Researchers from the Chinese Academy of Sciences and its associated university have published a paper in Energy Storage Materials on the Additive Manufacturing of lithium metal batteries with ultra-high areal energy density, produced via the manipulation of their porosity.
Revolutions in Li-ion battery technology, spurred on by their growth, but the application of these advances can be prevented by factors like Li dendrite growth, low Coulombic efficiency and mismatched cathodes.

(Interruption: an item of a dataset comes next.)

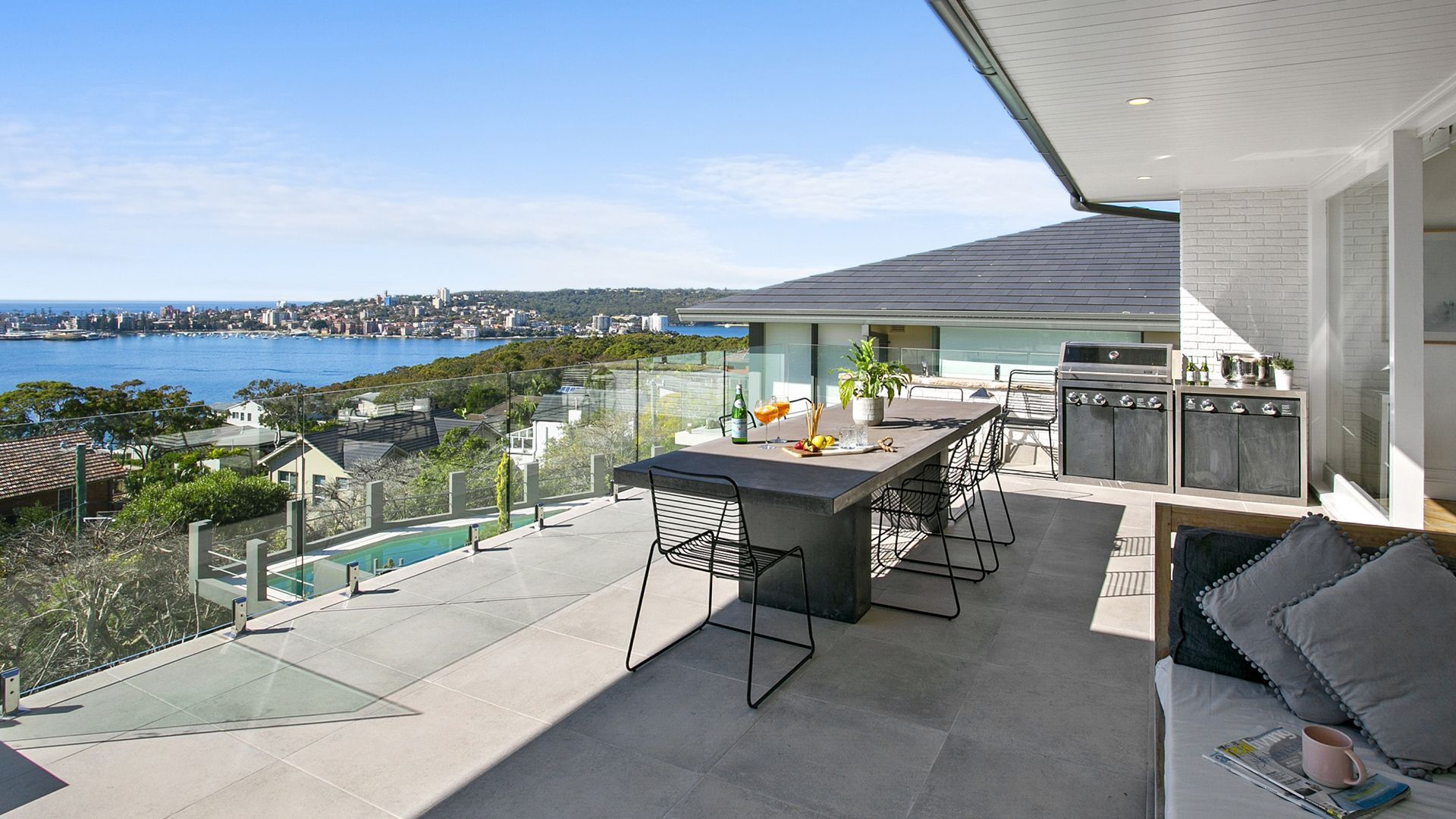 A patio with a table and chairs and a view of the ocean.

In “All 3D printing lithium metal batteries with hierarchically and conductively porous skeleton for ultrahigh areal energy density”, the researchers additively manufactured conductive Ti3C2Tx MXene scaffolds with porous LiFePO4 lattices to construct batteries with prolonged lifespans and higher energy density.
The exceptional ability of Ti3C2Tx to form a stable structure with lithium regulates the uniform deposition of metallic Li, allowing the stable MXene scaffold to achieve an areal capacity of 30 mAh/cm2 at 30 mA/cm2 and a cycle lifespan of 4800 h. The full battery is assembled by rationally matching this dendrite-free MXene-based Li anode with a hierarchically conductive LiFePO4 framework at an ultrahigh mass loading of 171 mg/cm2.

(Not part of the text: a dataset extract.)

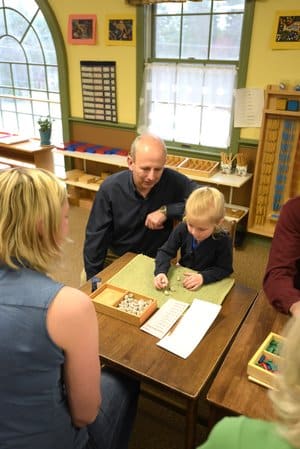 A child learning with assistance from a teacher from the programs at Country Village Montessori School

The as-assembled Li metal batteries are said to deliver unprecedented areal capacity of 25.3 mAh/cm2, a reportedly record-high areal energy density of 81.6 mWh/cm2 and improved cycling stability of 500 cycles, breaking through the limitation of thick-film cathodes. The researchers believe that this outlines a viable option for the stable additive manufacturing of Li metal batteries.